Monday, May 14, 2012

Bad Beats are overhead; Chips, the cost of doing business. and business is good.

There is never a certain prescribed way to play a hand, just a way to think about them. There's the expected result, based on analysis, and the actual result, based on events.

It's not winning that makes a winner, but losing. The excitement is not from the winning, it's avoiding the disaster, because you're flirting with it every day. When my "behavioral finance" stuff kicks in, and I only want to win, but can't take the sting of a lose, I am "risk averse" or more accurately "lose averse", after all, I am gambling in a casino!

I always say-"Whether my decision is good or bad depends on how I make it, not on the outcome". LOOSE players are looking for reasons to CALL; TIGHT, to FOLD. Last night, I sat down with a bunch of loose players---and when the right people show up, the right game does too.

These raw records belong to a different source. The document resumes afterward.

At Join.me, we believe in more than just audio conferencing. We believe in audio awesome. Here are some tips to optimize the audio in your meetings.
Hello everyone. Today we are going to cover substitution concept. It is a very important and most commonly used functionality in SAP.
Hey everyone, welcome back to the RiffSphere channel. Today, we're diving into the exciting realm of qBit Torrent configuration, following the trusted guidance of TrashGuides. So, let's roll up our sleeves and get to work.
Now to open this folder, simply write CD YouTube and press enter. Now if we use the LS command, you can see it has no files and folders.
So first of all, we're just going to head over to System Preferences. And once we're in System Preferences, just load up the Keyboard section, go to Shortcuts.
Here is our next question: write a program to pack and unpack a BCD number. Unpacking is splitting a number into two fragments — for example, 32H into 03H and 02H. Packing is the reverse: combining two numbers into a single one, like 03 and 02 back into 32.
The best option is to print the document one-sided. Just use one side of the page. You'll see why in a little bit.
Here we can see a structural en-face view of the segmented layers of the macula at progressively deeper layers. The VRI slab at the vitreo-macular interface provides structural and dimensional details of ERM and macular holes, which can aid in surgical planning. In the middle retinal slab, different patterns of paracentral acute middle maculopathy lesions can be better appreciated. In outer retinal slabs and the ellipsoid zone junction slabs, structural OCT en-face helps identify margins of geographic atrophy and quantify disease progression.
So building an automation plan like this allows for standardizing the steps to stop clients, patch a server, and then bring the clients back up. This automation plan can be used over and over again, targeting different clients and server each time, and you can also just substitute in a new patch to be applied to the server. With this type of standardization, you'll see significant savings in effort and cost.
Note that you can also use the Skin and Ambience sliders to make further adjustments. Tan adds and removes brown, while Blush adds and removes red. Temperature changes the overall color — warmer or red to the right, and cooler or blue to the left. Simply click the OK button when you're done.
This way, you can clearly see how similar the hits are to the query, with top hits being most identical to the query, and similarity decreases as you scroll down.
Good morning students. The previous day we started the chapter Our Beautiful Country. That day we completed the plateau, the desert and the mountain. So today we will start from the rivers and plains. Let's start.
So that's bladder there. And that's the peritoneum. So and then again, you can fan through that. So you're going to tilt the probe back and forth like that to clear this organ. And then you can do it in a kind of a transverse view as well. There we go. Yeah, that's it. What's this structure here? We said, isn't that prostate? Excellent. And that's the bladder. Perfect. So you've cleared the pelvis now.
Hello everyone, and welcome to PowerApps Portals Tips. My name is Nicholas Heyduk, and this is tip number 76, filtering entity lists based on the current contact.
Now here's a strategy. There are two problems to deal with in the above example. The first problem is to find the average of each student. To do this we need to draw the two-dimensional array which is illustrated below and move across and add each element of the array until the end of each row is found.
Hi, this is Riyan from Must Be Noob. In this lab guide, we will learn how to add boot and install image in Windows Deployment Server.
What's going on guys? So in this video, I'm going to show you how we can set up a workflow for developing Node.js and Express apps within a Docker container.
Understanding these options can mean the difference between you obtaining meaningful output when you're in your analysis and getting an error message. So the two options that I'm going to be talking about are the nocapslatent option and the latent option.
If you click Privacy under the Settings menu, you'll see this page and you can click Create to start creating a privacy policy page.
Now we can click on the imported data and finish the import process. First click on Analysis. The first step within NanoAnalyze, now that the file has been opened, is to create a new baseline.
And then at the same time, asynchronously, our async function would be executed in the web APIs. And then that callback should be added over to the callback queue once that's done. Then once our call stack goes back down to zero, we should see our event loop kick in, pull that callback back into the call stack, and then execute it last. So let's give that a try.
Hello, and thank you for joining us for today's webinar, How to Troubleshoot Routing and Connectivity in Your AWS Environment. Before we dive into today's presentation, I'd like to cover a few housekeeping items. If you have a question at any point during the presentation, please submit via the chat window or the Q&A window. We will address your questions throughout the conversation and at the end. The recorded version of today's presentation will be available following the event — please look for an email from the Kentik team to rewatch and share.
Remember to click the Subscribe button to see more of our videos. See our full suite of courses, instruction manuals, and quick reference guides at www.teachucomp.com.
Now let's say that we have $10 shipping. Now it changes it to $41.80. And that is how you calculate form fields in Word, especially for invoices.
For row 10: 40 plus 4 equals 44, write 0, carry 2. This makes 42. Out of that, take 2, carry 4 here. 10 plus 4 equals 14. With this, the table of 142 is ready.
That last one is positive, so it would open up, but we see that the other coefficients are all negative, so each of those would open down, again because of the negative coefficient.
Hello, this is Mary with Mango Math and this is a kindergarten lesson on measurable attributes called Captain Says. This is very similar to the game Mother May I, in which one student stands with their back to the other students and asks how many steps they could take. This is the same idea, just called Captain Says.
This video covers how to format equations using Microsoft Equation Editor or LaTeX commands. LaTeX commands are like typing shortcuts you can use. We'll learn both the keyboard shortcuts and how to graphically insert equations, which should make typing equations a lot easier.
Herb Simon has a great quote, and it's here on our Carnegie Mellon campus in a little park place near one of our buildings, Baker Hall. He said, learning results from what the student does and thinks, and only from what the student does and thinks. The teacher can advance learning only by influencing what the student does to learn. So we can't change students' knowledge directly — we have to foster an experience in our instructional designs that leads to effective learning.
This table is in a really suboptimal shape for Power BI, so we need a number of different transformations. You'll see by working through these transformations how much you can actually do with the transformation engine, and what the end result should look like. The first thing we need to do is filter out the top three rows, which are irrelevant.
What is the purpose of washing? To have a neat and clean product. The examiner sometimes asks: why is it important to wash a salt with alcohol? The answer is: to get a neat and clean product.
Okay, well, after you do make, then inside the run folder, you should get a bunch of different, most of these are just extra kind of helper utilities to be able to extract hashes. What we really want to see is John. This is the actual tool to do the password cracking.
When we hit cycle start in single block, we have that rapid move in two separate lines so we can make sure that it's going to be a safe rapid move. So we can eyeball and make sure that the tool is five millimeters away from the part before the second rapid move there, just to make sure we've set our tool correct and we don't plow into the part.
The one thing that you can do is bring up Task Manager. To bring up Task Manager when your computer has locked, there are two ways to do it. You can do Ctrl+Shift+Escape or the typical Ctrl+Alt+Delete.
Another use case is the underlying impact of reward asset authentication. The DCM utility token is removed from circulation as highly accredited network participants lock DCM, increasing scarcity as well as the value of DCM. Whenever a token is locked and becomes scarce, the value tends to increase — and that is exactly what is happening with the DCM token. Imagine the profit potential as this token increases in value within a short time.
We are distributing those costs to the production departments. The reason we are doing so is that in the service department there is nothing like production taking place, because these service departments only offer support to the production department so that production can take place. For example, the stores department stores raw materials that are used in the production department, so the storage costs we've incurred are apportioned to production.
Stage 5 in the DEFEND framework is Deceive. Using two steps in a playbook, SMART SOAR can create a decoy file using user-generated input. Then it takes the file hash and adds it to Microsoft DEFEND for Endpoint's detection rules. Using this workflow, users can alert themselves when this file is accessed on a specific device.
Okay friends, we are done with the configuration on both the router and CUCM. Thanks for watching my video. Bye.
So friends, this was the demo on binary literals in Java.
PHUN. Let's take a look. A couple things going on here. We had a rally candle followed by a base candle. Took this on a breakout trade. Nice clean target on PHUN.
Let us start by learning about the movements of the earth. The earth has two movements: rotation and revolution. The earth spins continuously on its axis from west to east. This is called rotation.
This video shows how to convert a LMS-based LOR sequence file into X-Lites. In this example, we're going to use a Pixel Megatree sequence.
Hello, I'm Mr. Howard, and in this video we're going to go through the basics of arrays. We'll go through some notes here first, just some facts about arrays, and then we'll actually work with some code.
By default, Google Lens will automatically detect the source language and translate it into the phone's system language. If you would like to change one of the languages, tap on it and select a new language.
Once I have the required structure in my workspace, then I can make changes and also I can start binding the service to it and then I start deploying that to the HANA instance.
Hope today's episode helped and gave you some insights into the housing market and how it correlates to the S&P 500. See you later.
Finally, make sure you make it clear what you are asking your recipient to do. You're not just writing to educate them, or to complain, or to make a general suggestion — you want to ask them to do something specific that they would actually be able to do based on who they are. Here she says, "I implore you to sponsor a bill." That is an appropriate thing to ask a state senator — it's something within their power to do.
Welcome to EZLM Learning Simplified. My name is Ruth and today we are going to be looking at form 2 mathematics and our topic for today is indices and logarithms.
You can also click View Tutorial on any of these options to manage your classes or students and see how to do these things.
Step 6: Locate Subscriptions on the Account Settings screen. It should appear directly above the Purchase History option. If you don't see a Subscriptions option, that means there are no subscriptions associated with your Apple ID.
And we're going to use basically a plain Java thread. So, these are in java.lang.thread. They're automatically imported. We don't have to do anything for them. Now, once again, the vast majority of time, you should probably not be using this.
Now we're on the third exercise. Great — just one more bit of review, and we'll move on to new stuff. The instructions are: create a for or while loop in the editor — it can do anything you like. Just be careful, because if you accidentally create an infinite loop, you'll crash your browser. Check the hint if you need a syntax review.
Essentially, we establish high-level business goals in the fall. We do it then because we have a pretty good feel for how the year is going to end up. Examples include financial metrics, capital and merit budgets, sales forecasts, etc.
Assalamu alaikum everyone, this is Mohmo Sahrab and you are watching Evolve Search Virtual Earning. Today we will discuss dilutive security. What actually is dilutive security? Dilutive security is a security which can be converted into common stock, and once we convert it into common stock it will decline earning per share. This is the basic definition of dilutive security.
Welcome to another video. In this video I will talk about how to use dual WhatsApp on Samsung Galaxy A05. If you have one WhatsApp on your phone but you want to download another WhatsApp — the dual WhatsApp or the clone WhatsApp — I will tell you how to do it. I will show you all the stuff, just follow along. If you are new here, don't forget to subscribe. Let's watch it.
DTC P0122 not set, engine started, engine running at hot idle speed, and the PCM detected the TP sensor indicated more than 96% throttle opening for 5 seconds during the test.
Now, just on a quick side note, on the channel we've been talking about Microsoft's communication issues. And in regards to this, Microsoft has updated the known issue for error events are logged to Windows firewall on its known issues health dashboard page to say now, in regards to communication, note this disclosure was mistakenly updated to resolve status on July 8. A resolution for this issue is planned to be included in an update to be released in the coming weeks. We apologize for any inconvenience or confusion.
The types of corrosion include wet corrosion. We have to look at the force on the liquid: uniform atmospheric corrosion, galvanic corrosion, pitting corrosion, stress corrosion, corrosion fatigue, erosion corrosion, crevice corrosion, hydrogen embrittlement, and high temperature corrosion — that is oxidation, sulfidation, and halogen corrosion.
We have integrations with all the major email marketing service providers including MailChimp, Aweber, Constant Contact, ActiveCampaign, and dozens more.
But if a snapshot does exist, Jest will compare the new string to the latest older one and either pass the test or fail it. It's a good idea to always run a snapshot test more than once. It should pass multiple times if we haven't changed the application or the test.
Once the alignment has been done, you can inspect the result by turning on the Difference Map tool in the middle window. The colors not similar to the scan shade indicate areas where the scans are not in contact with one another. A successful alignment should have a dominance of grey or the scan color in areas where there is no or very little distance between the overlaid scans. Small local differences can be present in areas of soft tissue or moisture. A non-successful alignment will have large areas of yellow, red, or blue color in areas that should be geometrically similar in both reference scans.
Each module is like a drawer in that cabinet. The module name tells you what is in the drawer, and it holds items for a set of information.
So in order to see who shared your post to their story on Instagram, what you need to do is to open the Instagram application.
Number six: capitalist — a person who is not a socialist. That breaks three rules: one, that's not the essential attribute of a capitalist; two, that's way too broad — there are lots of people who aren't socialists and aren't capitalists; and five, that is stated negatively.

Focus on decisions not consequences


Here's the scenerio: Preflop decision with K10 off suit in a multiway pot- There's a six dollar straddle, I re-raise $15 last to act, trying to steal the straddle or at least go heads up. with the button! I get reraised to $100,(I am thinking small pair88 or JJ who wants to isolate) then something crazy happened: call, call, call. Pocket 99 folds. That's 4 to 1 on my money---I know I am a dog. I defined my hand early, when it was cheap to do so, and have to put others on pocket pairs, but poker is situational, and these cats at the table are loosey goosey. SO:

Making the wrong mistake at the right time

I call with ATC's (Any two cards) right? Ok, I get lucky and flop a made Broadway straight, with no draws! and rake in a massive pot---going from Zero to Hero. I went against my mantra--"When you don't have good cards, somebody else probably does" but I got my FREAKonomoics on!
Sklansky’s old school ABC's: The Gap Concept, didn't apply this time---“you need a better hand to call a raise with than you would need to open the betting yourself”.
I felt I was getting the right odds to call. Sometimes poker is a feeling, sometimes a verb. (That's the huge buckets of luck that go with the territory).

I didn't really make a probability based decision--How many outs do I have? What are the immediate odds-pre flop, flop, turn and river? (In this case, the implied odds of all the money left on the table was too huge to fold preflop) What are the long shot odds for you and your opponent, once you put him on a range of hands? I made the wrong mistake at the right time.
For these loose players , the second hundred was not worth as much as the first.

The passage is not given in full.